Written by Francesco Guarascio and Phuong Nguyen
HANOI (Reuters) – Vietnam's Vingroup faces renewed scrutiny over its strategy to prop up loss-making electric car maker VinFast (NASDAQ:), with its shares approaching multi-year lows as foreign investors sell off and borrowing costs rise.
Pressure on the company, a household name in Vietnam with businesses including automobiles, real estate, retail and resorts, intensified this month as Moody's (NYSE:) and Fitch gave “junk” ratings to the debt of Vingroup's most profitable unit, the real estate company. Vinhomes (HM:), in addition to a planned Eurobond sale worth $500 million.
The speculative-grade ratings were due to Vinhomes' links to Vingroup, the two agencies said.
This year “may become an indicator of Vingroup's broader financial health,” said Leif Schneider, head of international law firm Luther in Vietnam.
“Vingroup may face further financial erosion” if VinFast's performance does not improve, he said, adding that reducing Vingroup's support for subsidiaries could ease financial pressures.
The group and its founder, Pham Nhat Phung, had pumped $13.5 billion into the electric car maker as of October in loans and grants, and promised nearly $3.5 billion more in November, despite concerns about the bet raised by investors at the last two annual shareholder meetings. In the company. .

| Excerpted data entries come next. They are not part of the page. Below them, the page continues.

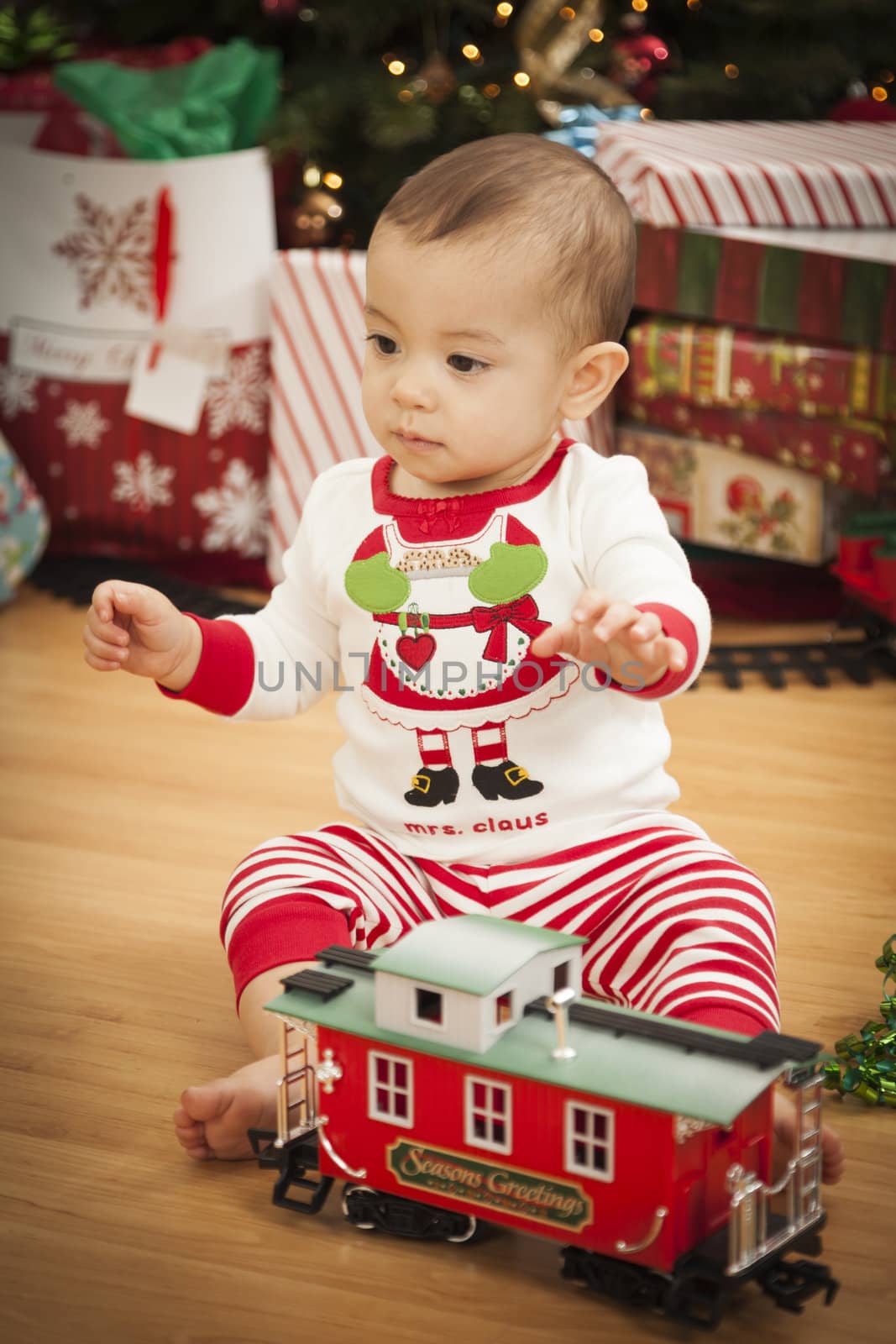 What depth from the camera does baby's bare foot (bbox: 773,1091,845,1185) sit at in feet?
2.31

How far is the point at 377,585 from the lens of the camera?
885 millimetres

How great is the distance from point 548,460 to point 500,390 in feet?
0.30

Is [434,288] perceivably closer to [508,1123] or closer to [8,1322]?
[508,1123]

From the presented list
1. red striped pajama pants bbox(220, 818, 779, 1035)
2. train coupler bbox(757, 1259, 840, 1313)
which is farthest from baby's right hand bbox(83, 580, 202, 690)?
train coupler bbox(757, 1259, 840, 1313)

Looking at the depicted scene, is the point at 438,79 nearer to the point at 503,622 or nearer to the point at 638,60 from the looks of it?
the point at 638,60

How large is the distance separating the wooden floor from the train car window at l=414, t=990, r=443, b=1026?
114mm

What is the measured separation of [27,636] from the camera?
Answer: 64.6 inches

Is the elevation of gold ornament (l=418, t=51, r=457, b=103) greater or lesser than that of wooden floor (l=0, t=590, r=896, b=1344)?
greater

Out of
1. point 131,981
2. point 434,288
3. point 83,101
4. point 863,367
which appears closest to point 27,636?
point 83,101

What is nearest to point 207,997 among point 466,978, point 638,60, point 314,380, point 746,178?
point 466,978

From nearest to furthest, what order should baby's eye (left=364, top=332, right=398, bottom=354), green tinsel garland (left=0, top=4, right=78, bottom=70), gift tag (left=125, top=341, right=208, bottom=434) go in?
baby's eye (left=364, top=332, right=398, bottom=354)
gift tag (left=125, top=341, right=208, bottom=434)
green tinsel garland (left=0, top=4, right=78, bottom=70)

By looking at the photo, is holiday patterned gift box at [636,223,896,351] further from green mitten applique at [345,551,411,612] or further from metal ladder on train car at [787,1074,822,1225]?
metal ladder on train car at [787,1074,822,1225]

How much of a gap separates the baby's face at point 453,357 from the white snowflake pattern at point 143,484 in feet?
3.07

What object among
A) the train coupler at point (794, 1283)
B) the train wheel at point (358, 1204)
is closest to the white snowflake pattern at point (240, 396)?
the train wheel at point (358, 1204) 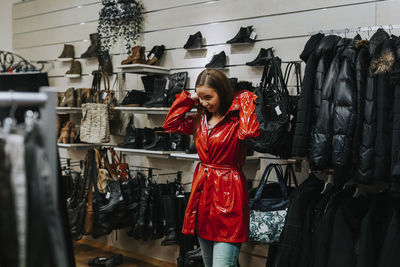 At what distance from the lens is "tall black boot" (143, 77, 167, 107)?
4.19m

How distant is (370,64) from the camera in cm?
260

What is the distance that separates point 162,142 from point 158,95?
43 centimetres

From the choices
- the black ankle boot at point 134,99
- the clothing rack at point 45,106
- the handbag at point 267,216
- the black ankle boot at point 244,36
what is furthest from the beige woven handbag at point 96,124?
the clothing rack at point 45,106

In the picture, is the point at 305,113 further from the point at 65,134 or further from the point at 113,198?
the point at 65,134

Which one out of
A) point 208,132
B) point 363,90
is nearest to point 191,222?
point 208,132

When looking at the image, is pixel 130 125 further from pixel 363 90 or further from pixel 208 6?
pixel 363 90

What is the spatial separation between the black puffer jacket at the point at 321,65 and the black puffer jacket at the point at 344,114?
0.14 m

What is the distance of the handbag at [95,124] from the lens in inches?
180

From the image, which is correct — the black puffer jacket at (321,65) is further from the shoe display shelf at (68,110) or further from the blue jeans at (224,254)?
the shoe display shelf at (68,110)

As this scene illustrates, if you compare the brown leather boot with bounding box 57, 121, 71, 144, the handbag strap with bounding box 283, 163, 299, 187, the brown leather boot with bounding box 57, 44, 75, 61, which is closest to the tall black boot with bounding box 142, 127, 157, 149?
the brown leather boot with bounding box 57, 121, 71, 144

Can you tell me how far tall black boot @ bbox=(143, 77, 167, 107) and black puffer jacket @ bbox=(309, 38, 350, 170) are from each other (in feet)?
5.82

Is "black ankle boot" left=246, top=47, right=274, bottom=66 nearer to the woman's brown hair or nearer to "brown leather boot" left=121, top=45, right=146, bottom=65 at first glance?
the woman's brown hair

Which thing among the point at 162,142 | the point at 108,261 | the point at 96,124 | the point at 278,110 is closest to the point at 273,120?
the point at 278,110

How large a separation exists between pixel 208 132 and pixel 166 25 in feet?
6.41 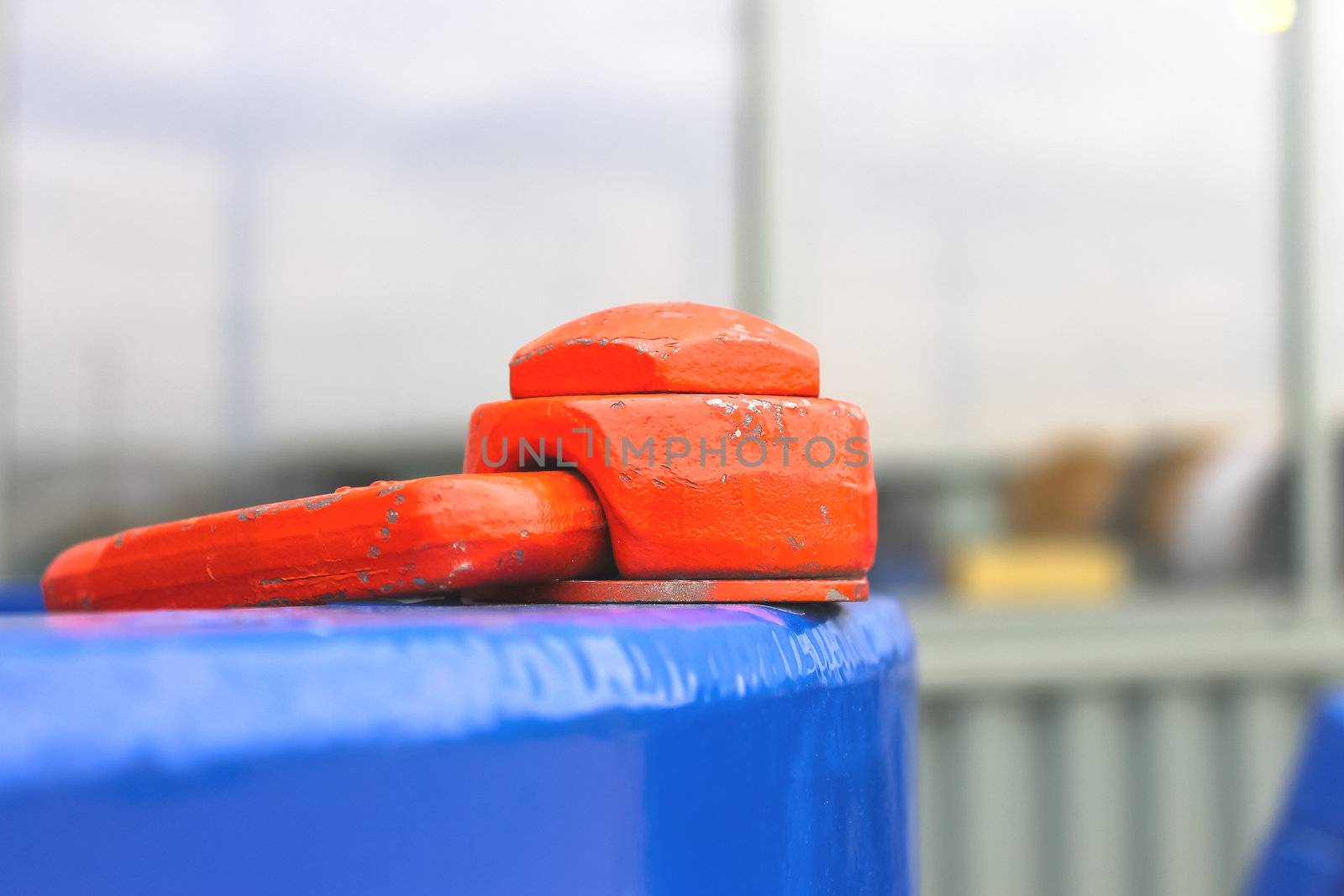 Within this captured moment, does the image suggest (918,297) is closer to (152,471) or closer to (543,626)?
(152,471)

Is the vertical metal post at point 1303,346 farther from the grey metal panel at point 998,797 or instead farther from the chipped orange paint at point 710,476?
the chipped orange paint at point 710,476

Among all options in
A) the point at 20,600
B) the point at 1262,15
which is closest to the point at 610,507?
the point at 20,600

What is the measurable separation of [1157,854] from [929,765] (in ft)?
1.49

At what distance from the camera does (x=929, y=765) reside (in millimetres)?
2059

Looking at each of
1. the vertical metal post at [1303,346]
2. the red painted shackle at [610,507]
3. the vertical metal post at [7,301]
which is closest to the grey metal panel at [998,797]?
the vertical metal post at [1303,346]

Vingroup's market capitalization has shrunk by nearly half to about $6 billion since VinFast listed in August 2023. Over the past year, its shares have fallen 6.6%, the largest among Vietnam's 10 largest listed companies, and have underperformed a 7.5% rise. In Vietnam. Market, according to LSEG data.
Its shares traded in December at their lowest level since 2017. They have recovered slightly since then but are still close to a multi-year low this week.
“The biggest challenge facing Vingroup remains VinFast,” said Nguyen Thi Minh, head of research at Yuanta Securities Vietnam.
However, Vingroup is not backing down.
“Vingroup has been and will continue to support the development of the subsidiary,” she told Reuters on Wednesday, underscoring its long-term commitment to Nasdaq-listed VinFast.
Vingroup said the expected strong growth of its units this year will attract investment in the company.
Borrowing costs
So far, investors, especially from abroad, are not convinced. Since VinFast's listing, the value of foreigners' combined holdings in Vingroup has fallen nearly 60% to 15.7 trillion dong ($620.5 million), faster than domestic investors, according to stock market data updated up to last week.
Among the foreigners to fully offload their holdings in the group last year are the investment vehicles of BlackRock (NYSE:) and DWS, while JPMorgan's asset management unit almost halved its stake to 0.13%, according to LSEG data.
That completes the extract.